- **WORK TO COMPLETE**:
Copy the full listing, changing nothing.

- **INFORMATION**:
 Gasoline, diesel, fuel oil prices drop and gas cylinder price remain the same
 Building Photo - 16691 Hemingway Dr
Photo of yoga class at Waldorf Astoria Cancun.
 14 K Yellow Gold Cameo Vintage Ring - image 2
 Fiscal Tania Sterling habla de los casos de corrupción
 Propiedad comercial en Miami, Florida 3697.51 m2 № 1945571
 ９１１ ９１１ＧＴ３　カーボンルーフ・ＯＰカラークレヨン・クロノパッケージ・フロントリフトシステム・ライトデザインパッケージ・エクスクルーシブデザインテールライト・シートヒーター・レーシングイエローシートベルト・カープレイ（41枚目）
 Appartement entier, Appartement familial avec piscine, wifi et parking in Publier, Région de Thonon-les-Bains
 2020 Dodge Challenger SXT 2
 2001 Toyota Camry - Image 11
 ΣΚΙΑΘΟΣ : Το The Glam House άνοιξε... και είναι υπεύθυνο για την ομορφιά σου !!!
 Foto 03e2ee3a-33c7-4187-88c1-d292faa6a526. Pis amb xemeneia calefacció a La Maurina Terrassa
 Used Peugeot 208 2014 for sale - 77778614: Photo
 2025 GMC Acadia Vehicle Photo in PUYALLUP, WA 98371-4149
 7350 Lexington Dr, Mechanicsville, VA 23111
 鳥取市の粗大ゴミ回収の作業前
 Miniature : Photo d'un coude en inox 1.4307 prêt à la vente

- **YOUR SOLUTION**:
 Gasoline, diesel, fuel oil prices drop and gas cylinder price remain the same
 Building Photo - 16691 Hemingway Dr
Photo of yoga class at Waldorf Astoria Cancun.
 14 K Yellow Gold Cameo Vintage Ring - image 2
 Fiscal Tania Sterling habla de los casos de corrupción
 Propiedad comercial en Miami, Florida 3697.51 m2 № 1945571
 ９１１ ９１１ＧＴ３　カーボンルーフ・ＯＰカラークレヨン・クロノパッケージ・フロントリフトシステム・ライトデザインパッケージ・エクスクルーシブデザインテールライト・シートヒーター・レーシングイエローシートベルト・カープレイ（41枚目）
 Appartement entier, Appartement familial avec piscine, wifi et parking in Publier, Région de Thonon-les-Bains
 2020 Dodge Challenger SXT 2
 2001 Toyota Camry - Image 11
 ΣΚΙΑΘΟΣ : Το The Glam House άνοιξε... και είναι υπεύθυνο για την ομορφιά σου !!!
 Foto 03e2ee3a-33c7-4187-88c1-d292faa6a526. Pis amb xemeneia calefacció a La Maurina Terrassa
 Used Peugeot 208 2014 for sale - 77778614: Photo
 2025 GMC Acadia Vehicle Photo in PUYALLUP, WA 98371-4149
 7350 Lexington Dr, Mechanicsville, VA 23111
 鳥取市の粗大ゴミ回収の作業前
 Miniature : Photo d'un coude en inox 1.4307 prêt à la vente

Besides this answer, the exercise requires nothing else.